Thursday, February 3, 2011

The H.264 DVR Cards

Now enjoy MORE of getting high quality video at LESS storage space with the H.264 DVR Card.

Driven by the H.264 compression technology, high performance video recording and playback is all that’s left for you to enjoy, plus an added benefit of more storage space without overall added cost. It adopted the latest compression technology, the H.264/AVC codec, to guarantee you with superior video quality and transmission at the same expense of affordability and security like no other.

* The diagram shows that MPEG-4 requires approximately one-third of the bandwidth used by JPEG and H.264 requires just one-fifth. That’s almost a 40% saving between standard MPEG-4 and H.264.

Monday, January 24, 2011

Understanding Object Counting Application

The Object Counting module of the Digital Video Recorder (DVR) can automate the task of counting objects passing by. When set and activated, the DVR can count objects such as people entering a store, automobiles along a highway, luggage on a conveyor belt, or even products on an assembly line. This is invaluable to users that need an exact number of objects that come and go.

What Can I Count?

Usually, the answer to this question is either “cars along a highway” or “people entering a store”. Note that the answers are not as simple as “cars” or “people” but rather “car along a highway” or “people entering a store”.
The fundamental idea used in object counting is that the objects being counted are passing through a boundary or zone. This zone is not necessarily a physical zone but rather a logical or virtual zone.
The phrase “passing through” is very important. It means that objects being counted must be moving. Objects that are not moving, or objects that are static, can not be counted. In addition to the condition that the objects must be moving, the objects must pass through some boundary or zone.
The zone, in the case of people, may be a door entrance, a hallway or a corridor. In the case of cars, the zone may be a junction, an arbitrary point along the highway or a gate entrance to some parking lot.
Objects may stop inside the zone for a short while. The important thing is that the object is just passing through it and is not meant to stay there for a long time. This also means that an object need not be moving all the time. The point is that the object moved in and eventually will move out of the zone.
These conditions make counting cars in a parking lot or counting people in a crowd watching a basketball game not suitable applications of this Object Counting function. But counting cars passing through a McDonald’s drive-through, or counting people entering a 7-11 store make very suitable applications.

Other Applications of Object Counting:

Other than above examples, Object Counting can be used to count the following:
1. Passenger luggage unloaded from an airplane. One suitable location for the camera is the place where the bags are put onto the luggage conveyor.
2. Products passing through an assembly line in a manufacturing plant.
3. Palettes unloaded from a truck or stacked into a warehouse.

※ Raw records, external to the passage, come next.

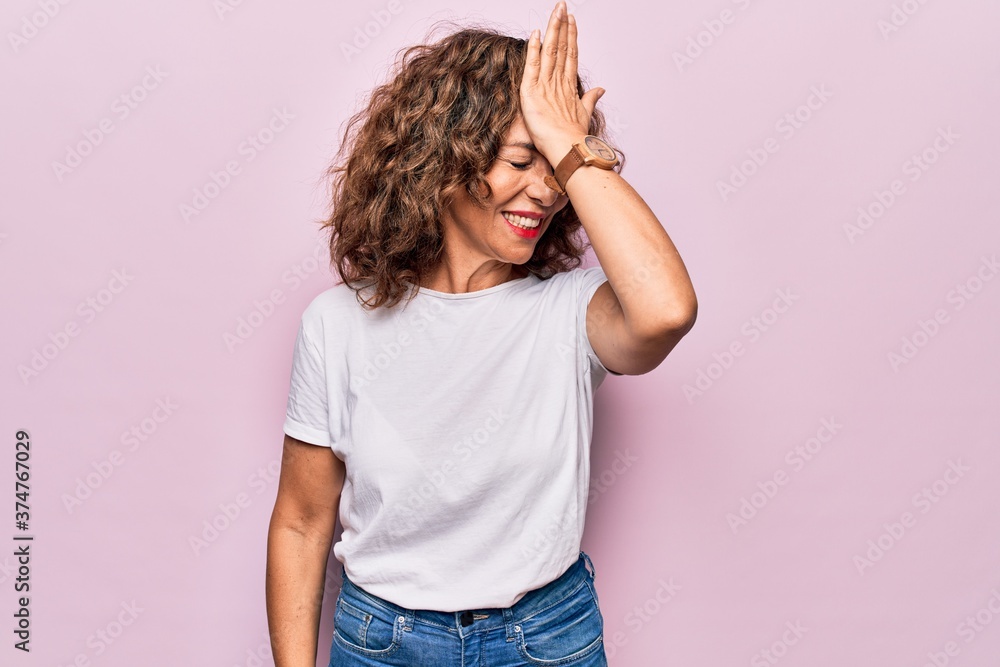 © Krakenimages.com - Middle age beautiful woman wearing casual t-shirt standing over isolated pink background surprised with hand on head for mistake, remember error. Forgot, bad memory concept.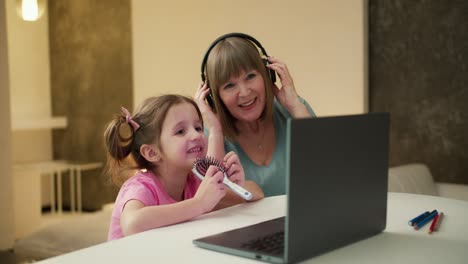 Kleines-Mädchen-Sitzt-Am-Schreibtisch-Am-Laptop-Und-Singt,-Während-Großmutter-In-Der-Nähe-Musik-über-Kopfhörer-Hört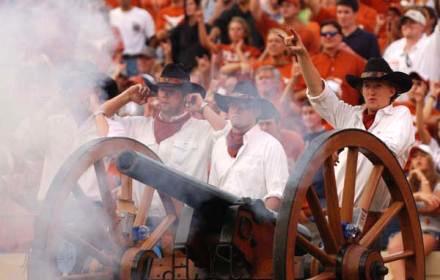 Texas Cowboys fire Smokey the Cannon at a football game.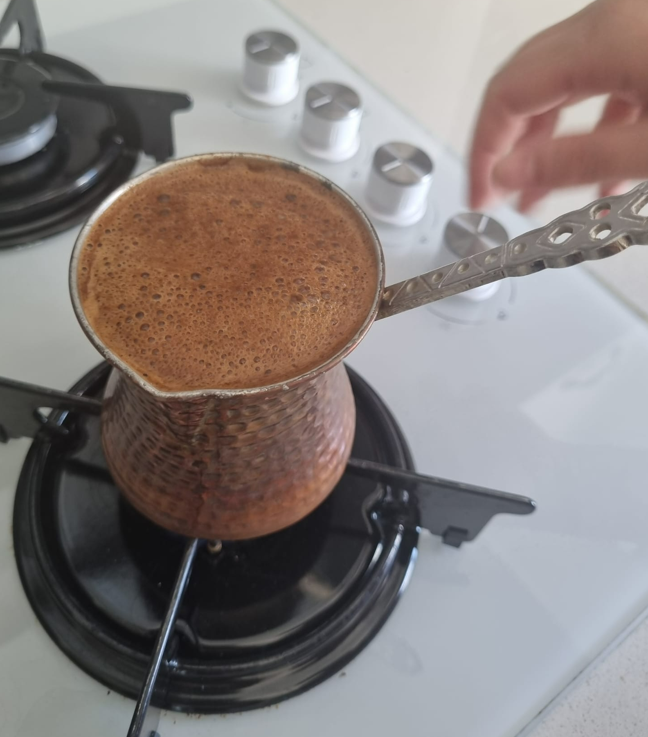 A photo of foam forming in coffee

Some more complex applications that may not be as obvious are as follows:
1. Count the number of times the same truck went in and out a facility;
2. Count the number of times a conveyor belt made complete cycles;
3. Count the number of people above 4’ tall entering a theater;
4. Count the number of big people entering a restaurant;
5. Count only trucks, not cars or bicycles.

Where Should I Place The Camera?

Choosing the location and position of cameras used for counting are usually different from the locations and positions of cameras used for surveillance and monitoring. Considering the examples given above, the primary consideration is that the camera should see the object being counted fully.